## Task input:
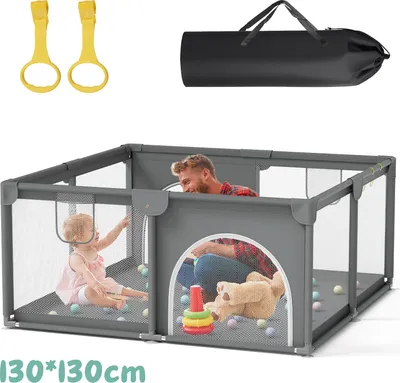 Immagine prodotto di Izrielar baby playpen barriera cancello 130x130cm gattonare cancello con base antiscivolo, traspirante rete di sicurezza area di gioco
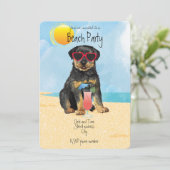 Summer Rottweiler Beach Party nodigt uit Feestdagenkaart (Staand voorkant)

---

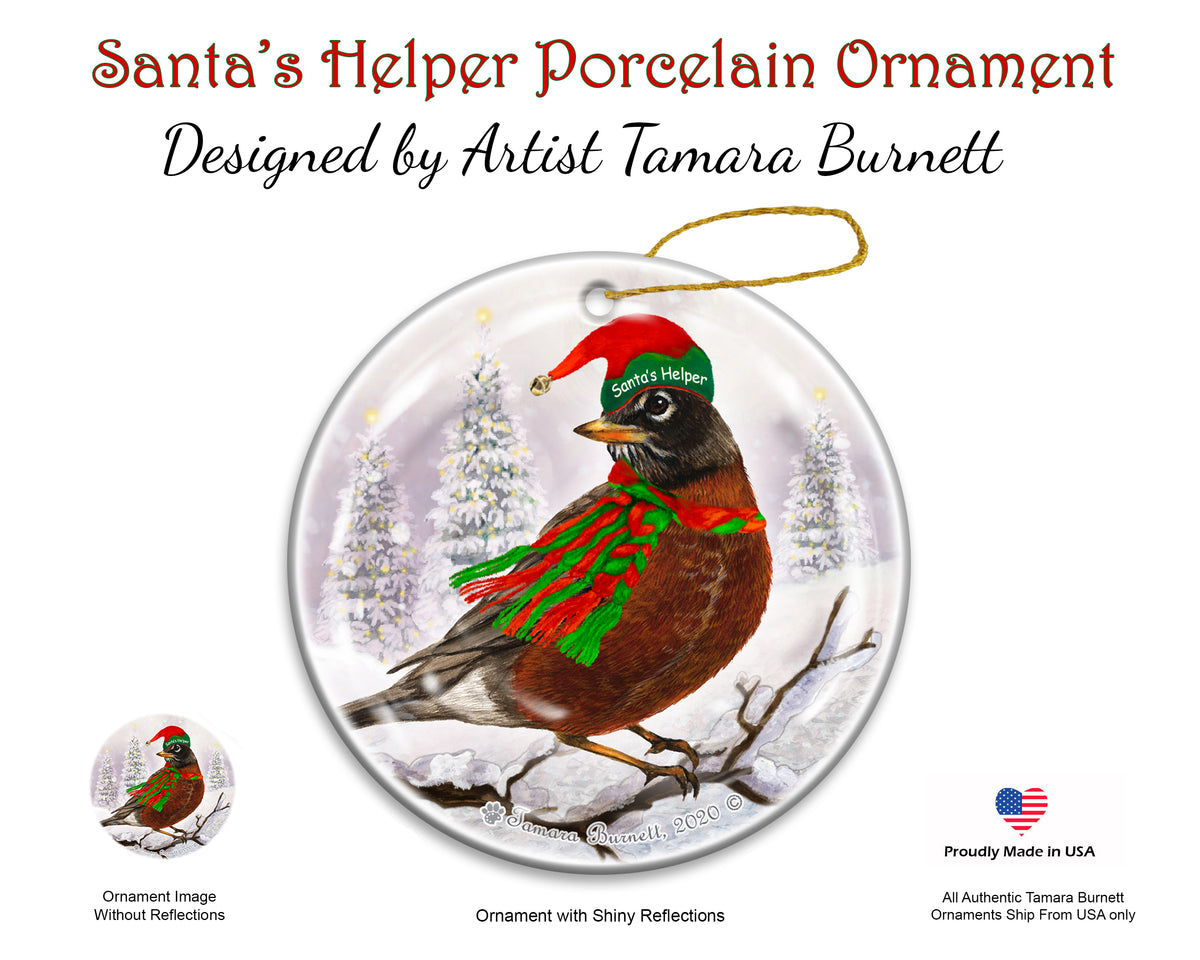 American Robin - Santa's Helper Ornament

--

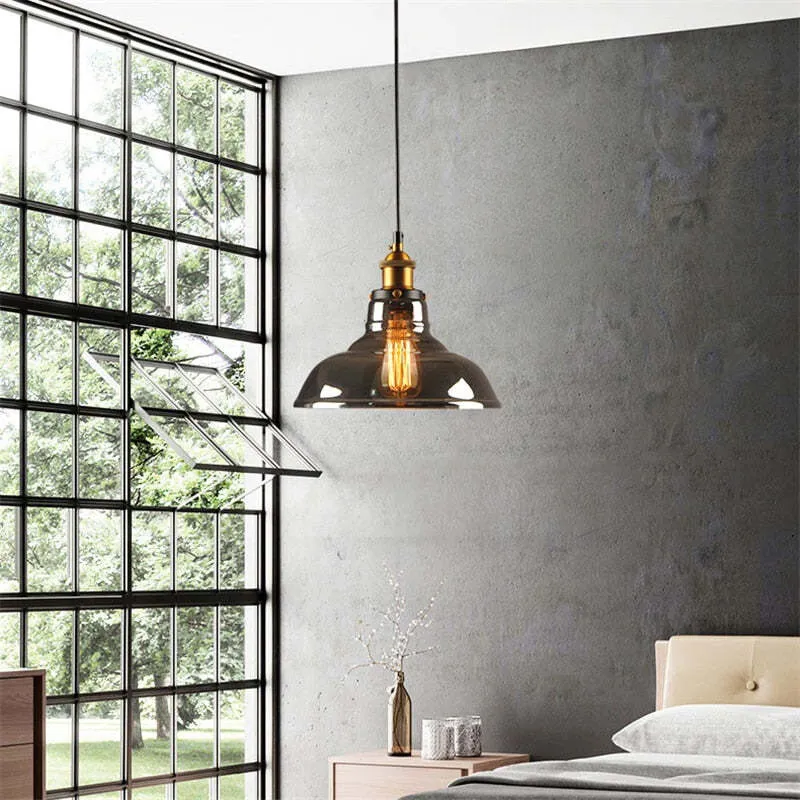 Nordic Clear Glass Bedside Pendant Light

## Your goal:
Starting at the line above that holds "Immagine prodotto di", return each line up to and including the one that holds "Summer Rottweiler Beach", exactly as written, minus any pictures.

## Exercise output:
 Immagine prodotto di Izrielar baby playpen barriera cancello 130x130cm gattonare cancello con base antiscivolo, traspirante rete di sicurezza area di gioco
 Summer Rottweiler Beach Party nodigt uit Feestdagenkaart (Staand voorkant)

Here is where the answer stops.